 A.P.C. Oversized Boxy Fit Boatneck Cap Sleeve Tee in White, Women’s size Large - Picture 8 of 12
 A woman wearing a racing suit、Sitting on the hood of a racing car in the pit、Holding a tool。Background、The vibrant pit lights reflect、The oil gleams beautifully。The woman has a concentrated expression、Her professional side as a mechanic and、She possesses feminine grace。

* * *

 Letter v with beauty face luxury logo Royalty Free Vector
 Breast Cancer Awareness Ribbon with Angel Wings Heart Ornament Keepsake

---

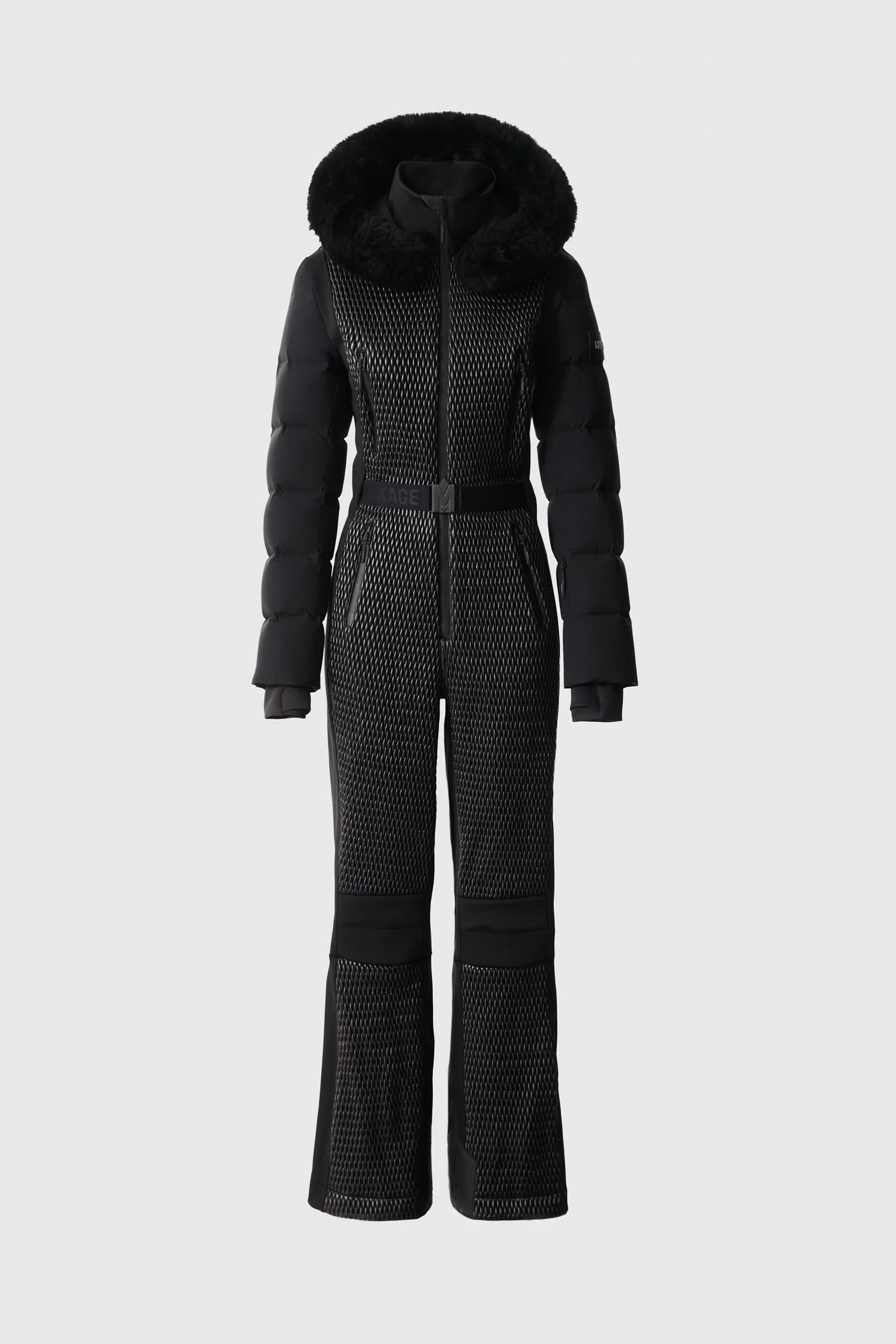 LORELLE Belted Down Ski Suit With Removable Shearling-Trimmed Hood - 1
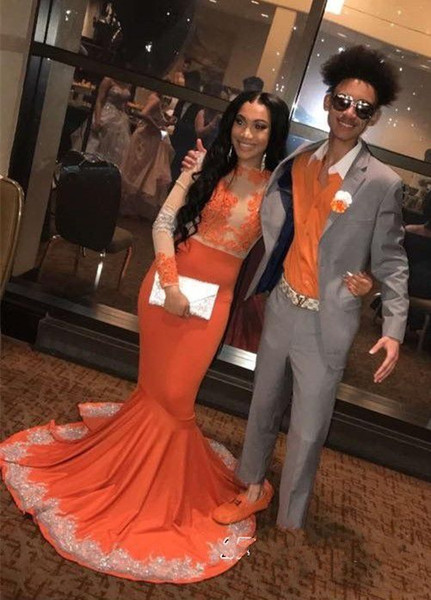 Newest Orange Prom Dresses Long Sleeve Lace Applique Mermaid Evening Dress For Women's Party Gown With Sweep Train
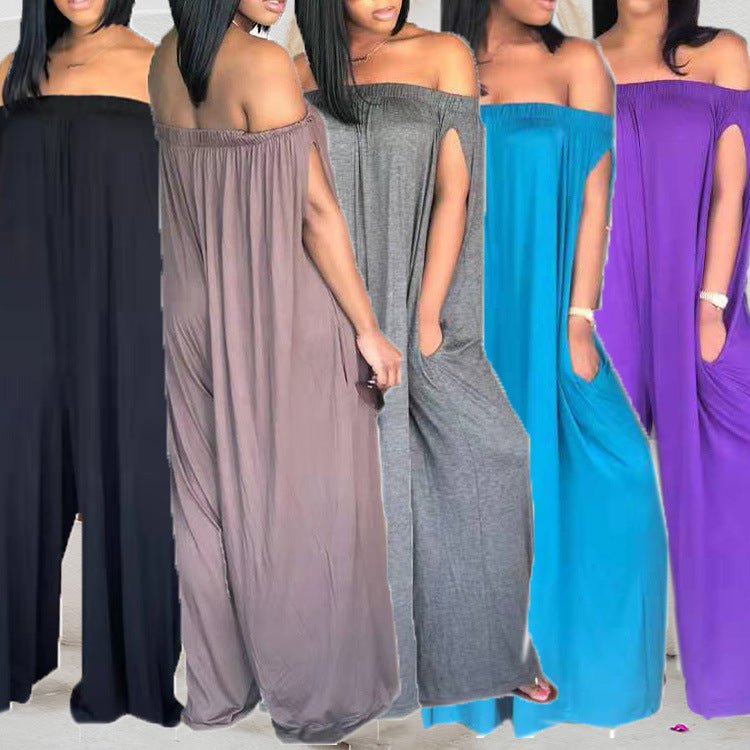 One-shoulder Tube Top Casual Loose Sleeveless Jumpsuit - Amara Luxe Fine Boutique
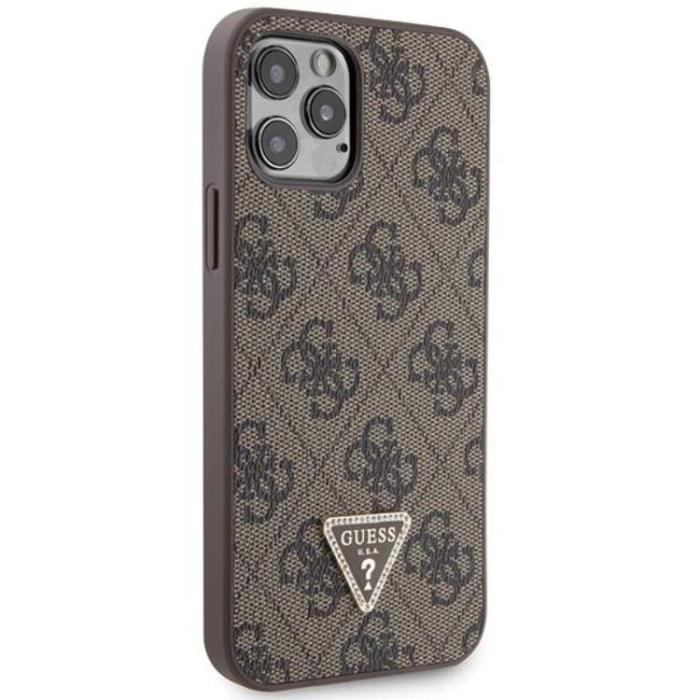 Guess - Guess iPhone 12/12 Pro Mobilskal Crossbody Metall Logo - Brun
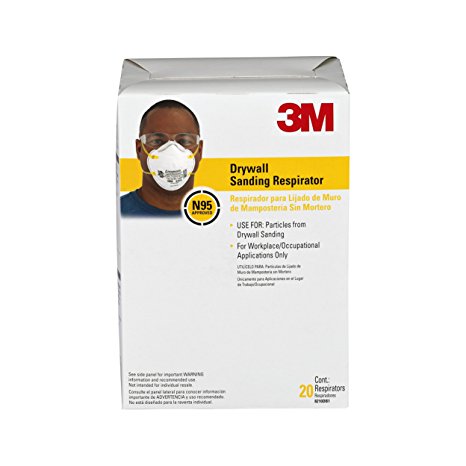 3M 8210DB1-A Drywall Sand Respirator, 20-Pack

*EXERCISE PROMPT*: Using the records above, return verbatim only the part that opens with the line containing "Guess - Guess" and closes with the line containing "3M 8210DB1-A Drywall"; pictures stay out.

*REPLY*:
 Guess - Guess iPhone 12/12 Pro Mobilskal Crossbody Metall Logo - Brun
 3M 8210DB1-A Drywall Sand Respirator, 20-Pack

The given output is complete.